And to answer the OP: if my driver was functioning fully then I think I could shoot bogey golf. A few double bogeys but then a few pars as well. It would be terrifying off the tee and the ball spotters would be my saviour, but the greens aren't scary (this isn't Augusta) and the pin positions were reasonable on the first 2 days.


----------



## Lord Tyrion (Jul 19, 2021)

Great post online on the lines of 'every major should have a regular golfer in the field as a reference point for everyone watching'.

They could be a scratch golfer, no better, and it could not be a golfer from the home club. They would go out in the last group each day so that they don't slow down the field. (I've thrown these things in).

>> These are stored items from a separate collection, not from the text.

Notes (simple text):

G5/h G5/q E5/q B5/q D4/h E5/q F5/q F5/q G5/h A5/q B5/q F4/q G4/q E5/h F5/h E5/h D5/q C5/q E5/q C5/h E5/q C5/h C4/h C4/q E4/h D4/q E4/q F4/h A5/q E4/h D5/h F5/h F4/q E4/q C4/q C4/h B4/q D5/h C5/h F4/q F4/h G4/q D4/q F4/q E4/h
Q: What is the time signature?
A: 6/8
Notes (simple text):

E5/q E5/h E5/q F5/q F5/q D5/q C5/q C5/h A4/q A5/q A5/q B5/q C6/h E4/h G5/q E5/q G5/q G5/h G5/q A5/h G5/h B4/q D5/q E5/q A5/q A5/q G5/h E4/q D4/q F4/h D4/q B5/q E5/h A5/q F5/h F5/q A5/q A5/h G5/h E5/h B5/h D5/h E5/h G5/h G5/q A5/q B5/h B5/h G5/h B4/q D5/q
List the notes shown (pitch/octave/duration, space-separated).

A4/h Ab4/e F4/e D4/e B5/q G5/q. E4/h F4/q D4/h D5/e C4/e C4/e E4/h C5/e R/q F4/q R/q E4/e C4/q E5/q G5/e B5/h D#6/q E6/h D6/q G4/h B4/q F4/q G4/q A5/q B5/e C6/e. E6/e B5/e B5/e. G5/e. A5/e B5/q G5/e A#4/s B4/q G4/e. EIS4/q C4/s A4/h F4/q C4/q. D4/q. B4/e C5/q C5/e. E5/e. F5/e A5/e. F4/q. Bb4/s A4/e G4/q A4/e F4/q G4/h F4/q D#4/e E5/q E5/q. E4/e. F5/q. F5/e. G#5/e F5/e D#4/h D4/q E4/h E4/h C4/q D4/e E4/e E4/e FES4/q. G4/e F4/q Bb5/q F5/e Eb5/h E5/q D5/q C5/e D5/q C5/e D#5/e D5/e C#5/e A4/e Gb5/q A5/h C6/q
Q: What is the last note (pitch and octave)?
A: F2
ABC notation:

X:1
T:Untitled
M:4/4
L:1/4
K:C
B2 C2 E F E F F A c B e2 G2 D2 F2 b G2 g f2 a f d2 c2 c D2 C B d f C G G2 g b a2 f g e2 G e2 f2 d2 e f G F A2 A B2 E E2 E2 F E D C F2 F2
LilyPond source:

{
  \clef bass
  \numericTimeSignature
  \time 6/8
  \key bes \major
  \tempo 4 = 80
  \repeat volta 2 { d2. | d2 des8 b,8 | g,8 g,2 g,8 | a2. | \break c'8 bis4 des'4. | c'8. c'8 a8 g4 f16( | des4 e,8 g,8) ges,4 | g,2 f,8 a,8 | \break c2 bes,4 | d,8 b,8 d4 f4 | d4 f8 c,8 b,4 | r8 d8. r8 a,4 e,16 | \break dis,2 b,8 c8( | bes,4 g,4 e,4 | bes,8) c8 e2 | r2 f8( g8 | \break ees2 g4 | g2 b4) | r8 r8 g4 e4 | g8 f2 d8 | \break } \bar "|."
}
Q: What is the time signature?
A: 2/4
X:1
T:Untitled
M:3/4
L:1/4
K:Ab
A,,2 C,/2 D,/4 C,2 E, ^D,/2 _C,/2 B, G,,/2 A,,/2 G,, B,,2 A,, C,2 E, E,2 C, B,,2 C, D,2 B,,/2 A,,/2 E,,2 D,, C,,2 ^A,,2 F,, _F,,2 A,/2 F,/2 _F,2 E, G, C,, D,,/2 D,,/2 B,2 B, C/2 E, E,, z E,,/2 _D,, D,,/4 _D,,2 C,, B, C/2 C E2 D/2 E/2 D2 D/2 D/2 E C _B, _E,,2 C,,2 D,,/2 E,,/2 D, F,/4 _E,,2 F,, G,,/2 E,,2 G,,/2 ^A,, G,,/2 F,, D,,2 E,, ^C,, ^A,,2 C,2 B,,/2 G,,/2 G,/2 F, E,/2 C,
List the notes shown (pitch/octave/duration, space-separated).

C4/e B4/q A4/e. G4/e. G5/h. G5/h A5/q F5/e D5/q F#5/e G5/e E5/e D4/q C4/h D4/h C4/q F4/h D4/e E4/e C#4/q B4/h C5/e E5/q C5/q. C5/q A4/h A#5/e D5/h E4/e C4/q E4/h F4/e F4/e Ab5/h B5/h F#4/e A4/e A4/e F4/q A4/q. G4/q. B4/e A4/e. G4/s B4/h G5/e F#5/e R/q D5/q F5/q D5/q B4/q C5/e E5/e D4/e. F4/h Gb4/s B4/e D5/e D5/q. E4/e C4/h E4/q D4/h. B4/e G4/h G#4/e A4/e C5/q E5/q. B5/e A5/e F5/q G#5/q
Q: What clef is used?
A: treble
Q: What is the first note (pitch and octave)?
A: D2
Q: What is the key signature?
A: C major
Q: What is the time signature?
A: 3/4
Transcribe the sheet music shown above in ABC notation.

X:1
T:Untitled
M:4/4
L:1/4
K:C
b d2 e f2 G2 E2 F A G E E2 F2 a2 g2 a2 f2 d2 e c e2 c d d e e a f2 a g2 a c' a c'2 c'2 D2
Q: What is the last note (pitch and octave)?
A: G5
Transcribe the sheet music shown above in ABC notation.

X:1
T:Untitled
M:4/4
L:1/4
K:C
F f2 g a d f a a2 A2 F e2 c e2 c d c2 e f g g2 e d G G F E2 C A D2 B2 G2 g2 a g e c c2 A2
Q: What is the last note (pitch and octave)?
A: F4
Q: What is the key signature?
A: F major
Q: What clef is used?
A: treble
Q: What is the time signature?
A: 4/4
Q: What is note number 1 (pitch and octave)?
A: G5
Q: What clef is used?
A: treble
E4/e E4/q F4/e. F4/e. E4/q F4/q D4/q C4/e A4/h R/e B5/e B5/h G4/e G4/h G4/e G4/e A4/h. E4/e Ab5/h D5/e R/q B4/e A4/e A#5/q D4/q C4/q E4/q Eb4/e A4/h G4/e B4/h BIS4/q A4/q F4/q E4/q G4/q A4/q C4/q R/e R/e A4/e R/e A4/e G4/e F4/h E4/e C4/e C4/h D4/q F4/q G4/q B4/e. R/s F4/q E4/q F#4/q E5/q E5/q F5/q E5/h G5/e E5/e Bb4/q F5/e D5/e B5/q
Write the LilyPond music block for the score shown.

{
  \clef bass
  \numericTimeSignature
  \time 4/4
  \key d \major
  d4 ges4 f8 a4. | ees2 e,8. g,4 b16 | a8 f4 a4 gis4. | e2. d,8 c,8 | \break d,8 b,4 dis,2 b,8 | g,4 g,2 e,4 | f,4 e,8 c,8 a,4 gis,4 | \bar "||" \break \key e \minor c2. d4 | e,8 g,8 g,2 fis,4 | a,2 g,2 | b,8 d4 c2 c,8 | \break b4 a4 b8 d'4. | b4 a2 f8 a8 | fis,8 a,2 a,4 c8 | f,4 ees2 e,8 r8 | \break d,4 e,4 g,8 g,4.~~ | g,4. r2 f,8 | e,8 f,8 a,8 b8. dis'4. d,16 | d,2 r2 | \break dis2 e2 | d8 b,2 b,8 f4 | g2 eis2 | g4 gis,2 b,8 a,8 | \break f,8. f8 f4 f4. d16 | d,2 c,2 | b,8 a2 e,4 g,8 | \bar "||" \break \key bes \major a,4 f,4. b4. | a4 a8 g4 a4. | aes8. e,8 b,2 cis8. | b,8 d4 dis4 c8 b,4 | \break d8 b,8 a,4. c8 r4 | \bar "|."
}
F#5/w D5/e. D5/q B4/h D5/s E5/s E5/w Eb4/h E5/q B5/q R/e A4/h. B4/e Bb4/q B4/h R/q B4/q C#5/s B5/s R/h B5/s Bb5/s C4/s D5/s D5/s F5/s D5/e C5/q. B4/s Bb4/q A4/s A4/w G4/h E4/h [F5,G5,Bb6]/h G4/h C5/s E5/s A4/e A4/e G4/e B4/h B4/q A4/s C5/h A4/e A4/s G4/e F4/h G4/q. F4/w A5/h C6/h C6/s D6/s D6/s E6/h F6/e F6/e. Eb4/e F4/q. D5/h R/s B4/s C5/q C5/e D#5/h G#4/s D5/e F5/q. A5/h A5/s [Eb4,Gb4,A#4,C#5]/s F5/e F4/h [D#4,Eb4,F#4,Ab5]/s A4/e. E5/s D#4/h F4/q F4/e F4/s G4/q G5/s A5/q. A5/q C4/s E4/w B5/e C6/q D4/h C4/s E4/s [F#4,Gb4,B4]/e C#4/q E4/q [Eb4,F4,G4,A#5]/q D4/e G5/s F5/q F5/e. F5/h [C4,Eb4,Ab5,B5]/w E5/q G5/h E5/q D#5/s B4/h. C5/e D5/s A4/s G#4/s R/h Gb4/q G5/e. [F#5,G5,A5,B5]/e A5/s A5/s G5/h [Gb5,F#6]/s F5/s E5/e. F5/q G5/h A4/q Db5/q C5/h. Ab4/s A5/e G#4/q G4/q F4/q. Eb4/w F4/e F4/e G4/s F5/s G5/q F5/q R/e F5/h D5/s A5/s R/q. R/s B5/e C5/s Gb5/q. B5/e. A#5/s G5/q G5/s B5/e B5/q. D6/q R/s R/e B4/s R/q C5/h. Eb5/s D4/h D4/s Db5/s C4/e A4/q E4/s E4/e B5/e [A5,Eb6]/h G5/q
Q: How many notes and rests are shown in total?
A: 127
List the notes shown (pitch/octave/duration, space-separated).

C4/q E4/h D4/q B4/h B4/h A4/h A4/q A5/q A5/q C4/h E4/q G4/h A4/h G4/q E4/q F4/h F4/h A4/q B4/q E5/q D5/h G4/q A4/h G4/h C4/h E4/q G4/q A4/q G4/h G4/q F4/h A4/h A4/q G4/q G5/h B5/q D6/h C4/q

This would answer the question each tournament 😄


----------



## HeftyHacker (Jul 19, 2021)

Lord Tyrion said:



			Great post online on the lines of 'every major should have a regular golfer in the field as a reference point for everyone watching'.

They could be a scratch golfer, no better, and it could not be a golfer from the home club. They would go out in the last group each day so that they don't slow down the field. (I've thrown these things in).

This would answer the question each tournament 😄
		
Click to expand...

I'd love to see this to be fair, even it it was just a round played in the practice week but still woth the course obviously set up for the pros. Not sure id want them chucked in the last group of the day with the potential winner. Would ruin that walk up the 18th having some middle aged bloke duffing a shot 40 yards short of the green in the background!


----------



## Liverpoolphil (Jul 19, 2021)

Lord Tyrion said:



			Great post online on the lines of 'every major should have a regular golfer in the field as a reference point for everyone watching'.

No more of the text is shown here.